[Date Prev][Date Next][Thread Prev][Thread Next][Date Index][Thread Index]
Re: [edict-jmdict] JMdict download format
On 09/24/2015 04:36 PM, Jim Breen jimbreen@gmail.com [edict-jmdict] wrote:
> On 25 September 2015 at 04:25, Stuart McGraw smcg6347@outlook.com [edict-jmdict] wrote:
>[...]
> I shudder to think what a CSV would look like, and I really have
> to wonder how it would be an improvement over the XML.
The main improvement is that csv (or sql) could be loaded into
any database directly, without parsing xml (which typically means
either 1) using the jmdict loader in the JMdictDB software which
is limited to Postgresql, 2) writing one's own xml parsing code,
a non-trivial task, or 3) using a generic xml-to-sql converter
which typically results in a very poor schema.)
The tradeoff made by loading from csv or sql is that the database
schema loaded into is predetermined. The tables and their columns
all must exist and be compatible with what the csv/sql was generated
from, which is course the schema defined by JMdictDB.

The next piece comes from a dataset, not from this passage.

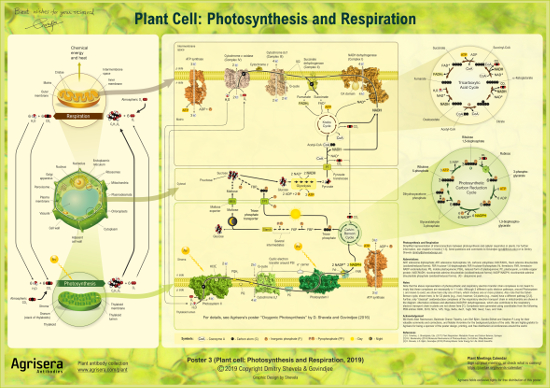 Photosynthesis and respiration educational poster of Agrisera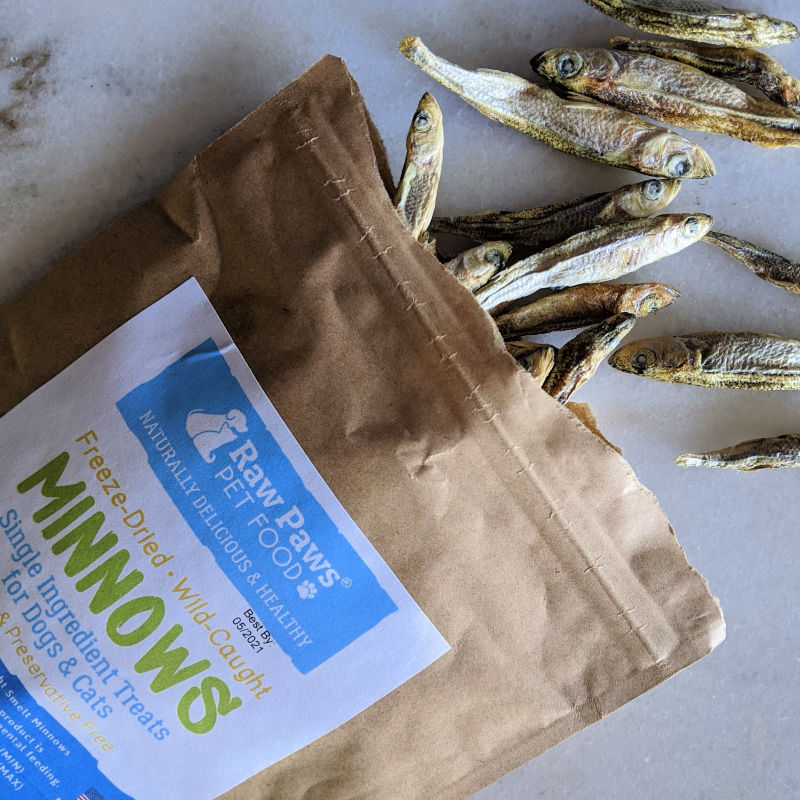 minnow fish treats for cats and dogs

>> Such a format will be tied to a specific (version of a) database
>> schema. Of course that schema is publicly available but would
>> need to be advertised along with the .sql formated files. It is
>> also quite Postgresql-specific and if .sql (or .csv) files were
>> published, it would be desirable to publish a version of the
>> schema with the postgresql-specific bits elided.
>
> That really goes to the heart of it. If an "sql" file differs between
> Postgresql, MySQL, etc. then I don't think we should consider making
> one available, as we'd be heading into all the issues that are
> avoided by just publishing in XML.
The distributed sql (or csv) file containing the dictionary data
would be loadable, unchanged, into any common database. But the
database would need to have all the tables pre-created, with the
expected columns and datatypes for those columns before loading
the data. The JMdictDB script that creates those tables is what I
meant about being very Postgresql-specific. One would need to do
a lot of editing to use it to create the tables in a MySql database
for example.
But if all one wanted was to create tables suitable for loading
sql or csv jmdict data into, without regard for using the database
with the rest of the JMdictDB code (which is what requires all
the Postgresql bells and whistles), then a more generic sql script
for creating the schema could be written using only standard sql
which could be used on most databases with few or no changes.
Maybe someone (other than me :-) would be interested in doing that.
But then there would be little point unless the jmdict data were
going to be distributed in sql or csv format.